Toutes mes cellules se souviennent du comprimé à avaler avant l’opération. Mon corps n’oublie pas l’intrusion violente d’un outil, l’aspiration absurde de ce que j’avais de plus cher. Mon cœur s’est emballé si vite que j’ai poussé un cri strident : la peur de mourir me tenaillait. Mais ce n’est pas moi qui mourais.

À la sortie de l’hôpital, des larmes coulèrent et un soulagement m’envahit. Je me disais que la tempête était passée. Mais c’était sans compter sur la mémoire de mon corps, et sur mon esprit qui chercherait le pardon, avec rage, pendant des années.

Par la suite, cinq années s’écoulèrent dans l’insouciance de la jeunesse. Puis vient le jour où je tombais de nouveau enceinte, grossesse « socialement » désirée cette fois. J’avais 25 ans et j’étais toujours avec le même homme. La joie m’envahit quelques secondes puis elle laissa place à la peur. Une peur stressante, qui m’oppressait, serrait mon estomac. La nuit je cauchemardais en poursuivant quelqu’un avec un couteau que je finissais par tuer. Je me réveillai en sursaut, trempée de culpabilité. J’avais peur de cette vie qui grandissait en moi. Neuf semaines plus tard, emportée par une douloureuse couleur rouge, je perdais cette minuscule promesse : c’était comme si mon corps se souvenait. Mais de quoi ? Je ne comprenais pas. Pourquoi cette fausse couche ? Ma conscience fermait encore les yeux pour me préserver de la folie qui pourrait me submerger. Mais mon inconscient, lui, se souvenait.
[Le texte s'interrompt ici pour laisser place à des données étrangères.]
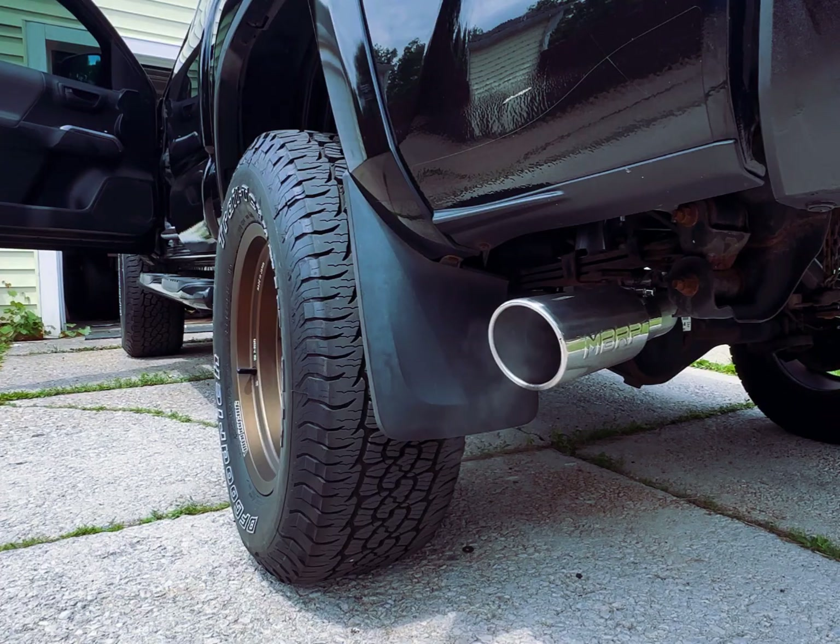I also have a pedal commander, so I've got all the essential Tacoma enthusiast stuff on this thing, and the exhaust is the cherry on top. I was thinking about getting a new upgraded throttle body to see if that improves anything, maybe a throttle body spacer — I see mixed reviews on the spacer. If anybody has a spacer, I'd love to hear your thoughts.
Un an plus tard, j’étais encore enceinte. L’angoisse grandit en même temps que les semaines passèrent. Un sentiment étrange se nicha en moi : mon corps refusait de protéger ce petit être à cause du traumatisme qu’il avait déjà subi par le passé. Cette troisième grossesse se termina comme la deuxième, autour de neuf semaines, par une fausse couche.

Mon corps me suppliait de m’excuser auprès de lui. Et auprès de cet enfant, je cherchais désespérément un pardon. Comprendre le sens de cet acte passé m’obsédait. J’étais coupable car j’avais ôté la vie à un tout-petit, le mien !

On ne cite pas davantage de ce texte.